Gregory Szorc <gregory.szorc@gmail.com> [Wed, 12 Sep 2018 15:59:26 -0700] rev 39700
localrepo: extract resolving of opener options to standalone functions
Requirements and config options are converted into a dict which is
available to the store vfs to consult. This is how storage options
are communicated from the repo layer to the storage layer.
Currently, we do that option resolution in a private method on the
repo instance. And there is a single method doing that resolution.

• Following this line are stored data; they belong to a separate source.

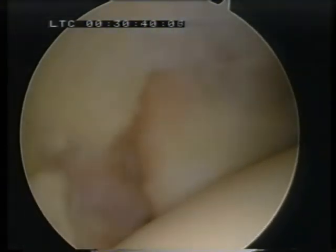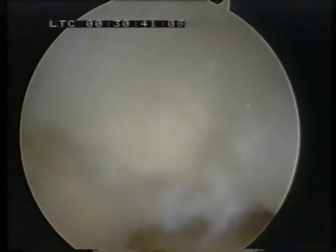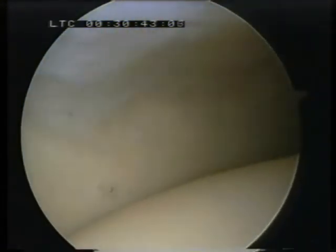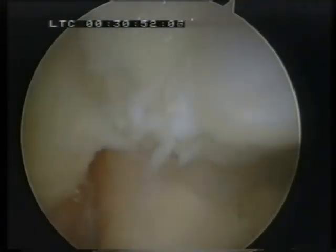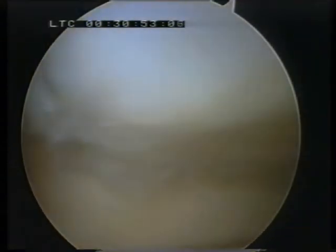At the end of the procedure, what we like to see is that the ankle looks nice and clear and free of debris. It's very important, particularly if you're removing anterior bony ankle impingement material, that you thoroughly clear out the ankle afterwards.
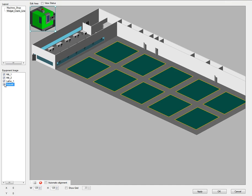I will reduce the image size from 128 pixels down to 55 pixels square, then drag and drop them as desired.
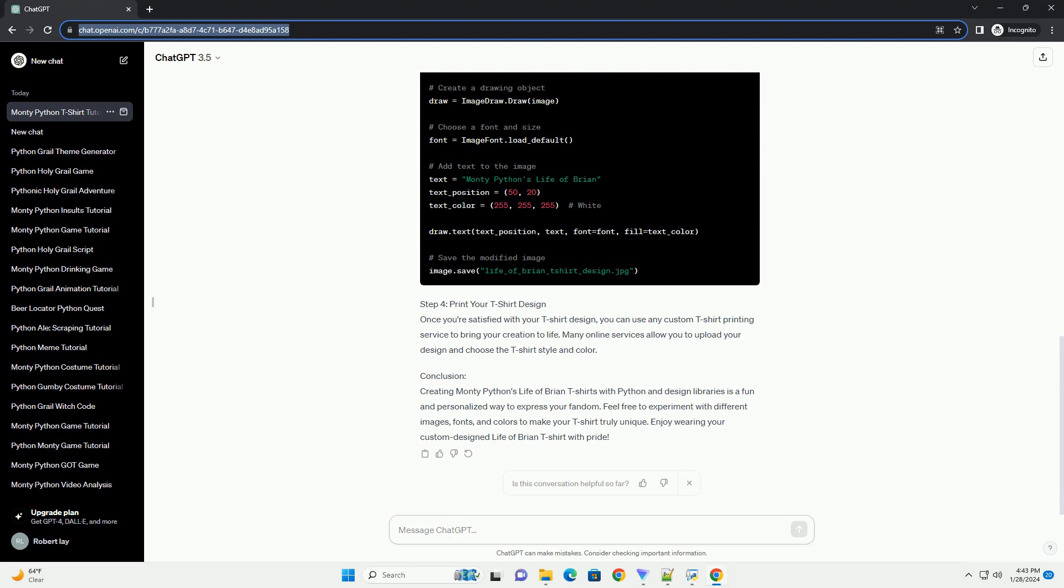Conclusion: Creating Monty Python's Life of Brian T-shirts with Python and Design Libraries is a fun and personalized way to express your fandom. Feel free to experiment with different images, fonts, and colors to make your T-shirt truly unique. Enjoy wearing your custom-designed Life of Brian T-shirt with pride. ChatGPT.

Opener options are logically specific to the storage backend they
apply to. And, opener options may wish to influence how the repo
object/type is constructed. So it makes sense to have more granular
storage option resolution that occurs before the repo object is
instantiated.
This commit extracts the code for resolving opener options into new
module-level functions. These functions are run before the repo
instance is constructed.
As part of the code move, we split the option resolution into
generic and revlog-specific options. After this commit, we no longer
add revlog-specific options to repos that don't have a revlog
requirement.
Some of these opener options and associated config options might make
sense on alternate storage backends. We can always reuse config
options and opener option names for other backends. But we shouldn't
be passing opener options to storage backends that won't recognize
them. I haven't done it here, but after this commit it should be
possible for store backends to validate the set of opener options
it receives.
Because localrepository.openerreqs is no longer used after this commit,
it has been removed.
I'm not super thrilled about the code outside of localrepo that is
adding requirements and updating opener options. We'll probably want
to create a more formal API for that use case that constructs a new
repo instance and poisons the old repo object. But this was a
pre-existing issue and can be dealt with later. I have little doubt
it will cause me troubles as I continue to refactor how repository
objects are instantiated.
.. api::
``localrepository.openerreqs`` has been removed. Override
``localrepo.resolvestorevfsoptions()`` to add custom opener options.
.. api::
``localrepository._applyopenerreqs()`` has been removed. Use
``localrepo.resolvestorevfsoptions()`` to add custom opener options.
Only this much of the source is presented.